What we actually need is a President and government which will get out of the way, so businesses can create new jobs for real.

So far the returns are not positive.

I didn't watch the Republican debate last night either, did you?  It might have been slightly more interesting, but (yawn) I couldn't bring myself to do it.  I think it's interesting that while there is debate about the winner - Perry vs Romney - there is no debate that the CNN moderators lost.  Click through, I love that clip of Newt giving 'em hell. 

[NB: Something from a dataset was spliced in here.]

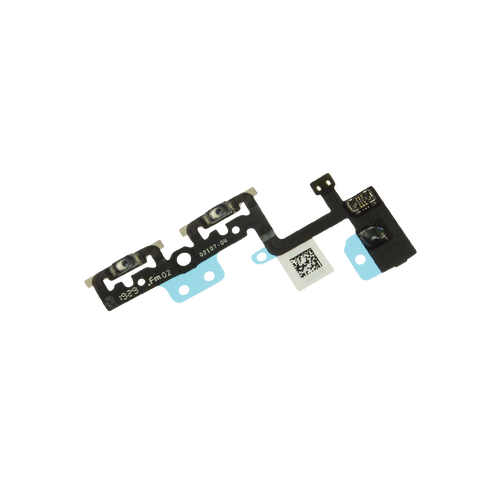 iPhone 11 Pro Max Mute Switch and Volume Switch Flex Cable Replacement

This is cool: Lucasfilm unveils "sandcrawler" office

Things I think: 

Stay cool my friends!

 

 

political compass

Thursday,  09/08/11  10:13 PM

Have you taken the political compass test?  Here's how I come out:

Feels pretty accurate to me.  BTW I found I answered "agree" and "disagree" a lot, and "strongly" hardly at all.  YMMV!

 

never forget

Sunday,  09/11/11  12:01 AM

 
 
 

 

back to work

Saturday,  09/17/11  06:42 PM

So ... I'm back, as in back to work, as in last weekend I attended the College of American Pathologist's annual conference, flew back, and spent a couple of days back in my office in Vista.  It was pretty weird, but exciting too; I'm ready for some new challenges.  Fortunately the company didn't miss a beat in my absence; I could feel bad ("they don't need me anymore") but actually I feel good ("I'm free to throw myself into some new projects").  More than anything it was nice to see all my friends at work, I had a nice reception.  I've also kept riding this week - final approach, just three weeks 'till the 508! - and now it's back to blogging as well...

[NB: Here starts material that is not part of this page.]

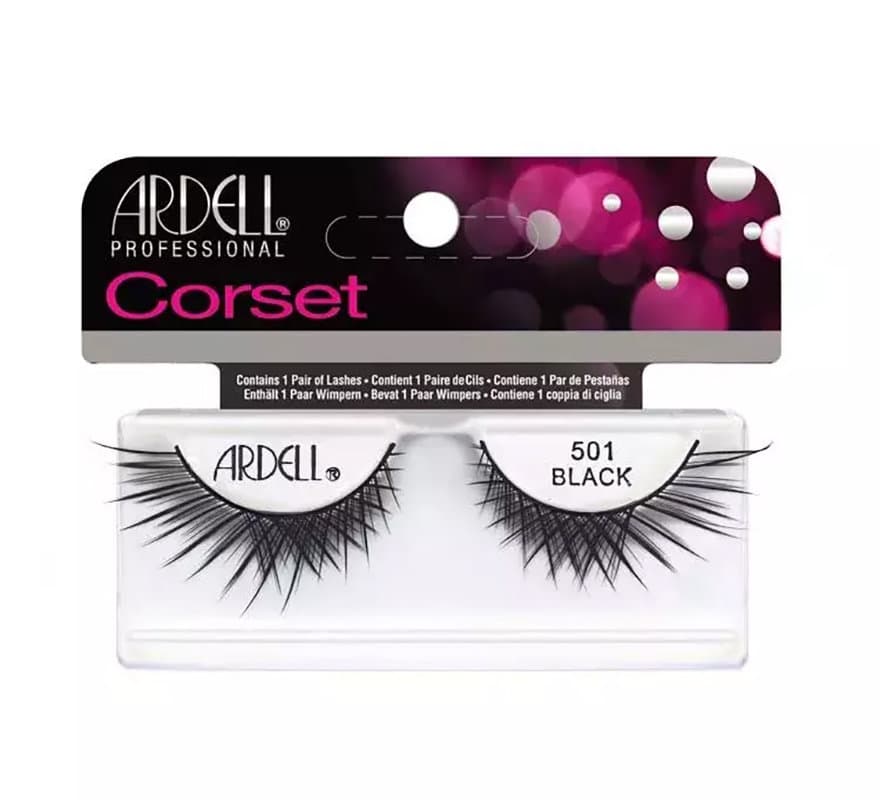 Corset Lashes 501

You may ask - and many of you have already - how was my twelve weeks off?  GREAT.  Actually I'll have more to say about that in the coming days ... please stay tuned :)

Love using the Kindle app on my iPhone, because it links straight into Wikipedia.  I have almost entirely stopped using my Kindles, only use them outside in sunlight.  

Apropos: Amazon's future is so much bigger than a tablet.

GoDaddy was bought!  By KKR et al.  Not totally comfortable with this, but IIWII. 

Raise your hand if you're still using Google+.  I'm not, but then again I never have.  It looks like my careful effort to avoid using it or even learning much about it has paid off. 

Google have announced a new structured programming language called Dart.  Apparently it is a better JavaScript.  Who ordered that?  I plan to treat it much like Google+ and hope for the best. 

Yay oh yay: Heathkit DIY kits are coming back.  Man, I spent some of the best time of my childhood with my Dad in his workshop, soldering resisters and capacitors onto circuit boards.  Put me down for this! 

The Heathkit single-sideband receiver at right looks so familiar; I'm almost sure I built one of these for my Dad's boat :)

Of course today's Heathkit is the Arduino.  Maybe I should learn how to make stuff from them?  Here's a cool comic book introduction to the Arduino.  For the list... 

One of the truest things I've ever posted: the inverted pyramid for video.  "I find most YouTube -type video is organized like a mini movie. No good. Grab me immediately on startup, or I'm gone."  Still just as true today. 

Congratulations to Juan Jose Cobo, who unexpectedly leveraged his win on the steep slopes of the Angliru to win the 2011 Vuelta a Espana.  Excellent. 

Reading about the Angliru reminded me of my own brush with a steep Vuelta stage, when I rode up to the Lagos de Covadonga in 2007.  An experience I'll never forget, but I love having that blog post too :)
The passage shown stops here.